What is that thing known only when it is given? What is the exercise and expression of everything that is uneconomic, strange and uncontrollable within? It is a singular feeling uniting a plethora of experiences, desires and sensations. It unifies but never unites. It never utters a final word. But talk of it, or of soul, heart or romance, establishes immediately a distance, alienation, a semi-sacred threshold. Only its lack lays its content bare. If it has language, it is in music. Rarely words, which we are all so easily hung up on. Its expression is physical. How else does one prove the sun except lift up daylight’s veil? These words come ringed with generations of angst and doubt and contain little comfort. Its greatest theorists come starved or deliberately fasting of it. Poets leave it to the night. And all of this above is strange, or pretentious, or nonsensical, unless right now you too are animated by it, of which there is no more to be written but only spoken, enthusively and without end.

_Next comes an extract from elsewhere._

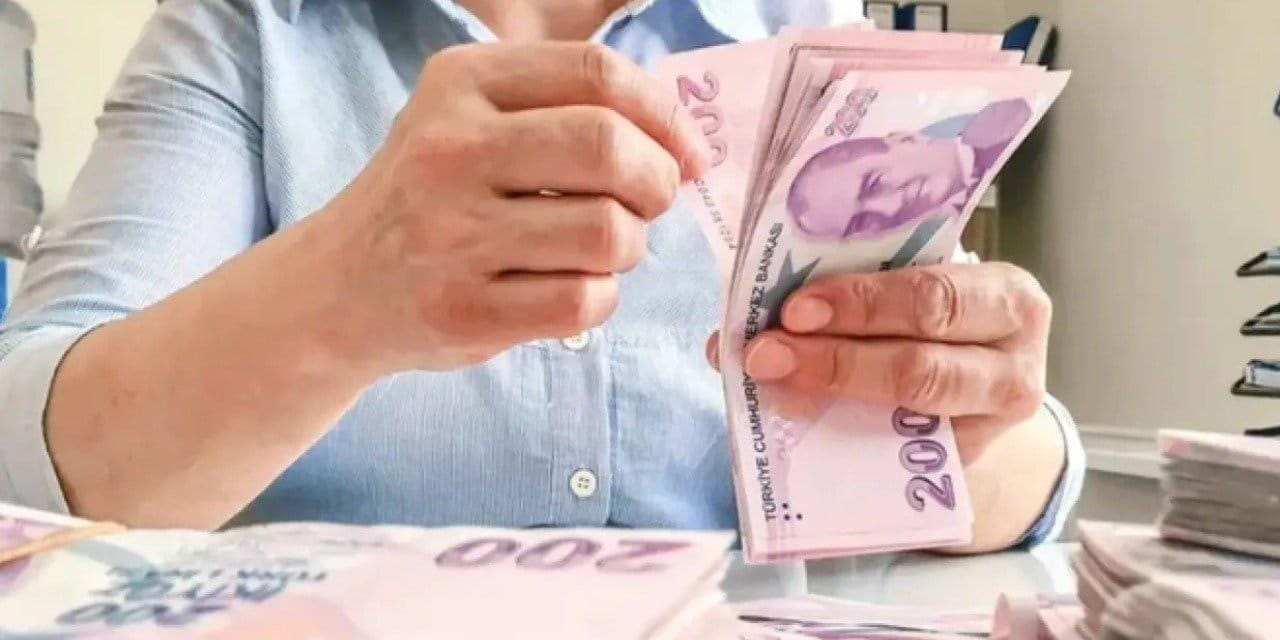 2026 Ocak–Haziran Kıdem Tazminatı Tavanı 64.948,77 TL Olarak Resmileşti Memur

Same too, possibly, of those who write of God, universe and nature, only names with attachment to specific images or pre-loaded linguistic connotations, that distort or zoom too quickly into this immensity. Intoxication’s never half of it.



Elements of the known universe, 2013.


Riddle 2.

What if you had time?
So what if you had the time?

And say I gave you that time?
We’d be nowhere fast until you gave yourself the time.

Maybe you feel you’ve been made old by your memories, that the time that you grasp vainly is too finite. Or perhaps through an education in long-term illness, you haven’t got strength to cash in that time, to claim chips, be it credit or debit. Then you know the value of time better than I do. And so then you know that it’s not something you’ve got, but something you’re giving. So what remains to hold onto?


Ramon Casas, Madeline

Ramon Casas, Madeleine 1892.


In every guise, say someone paid you to pursue this and document the results, in whatever medium came to hand: the nameless, the strange, dirty and dangerous, the wonderful and unknown, the peerless, incommensurable, the oceanic feeling, that of the cosmos, the absolute or whatever name books give it. Until it’s given a name, any experience, object, image or sensation which provokes a feeling of awe and compulsion to repeat and explore.

How would you handle it? Give it a year, see. A wager. Why not?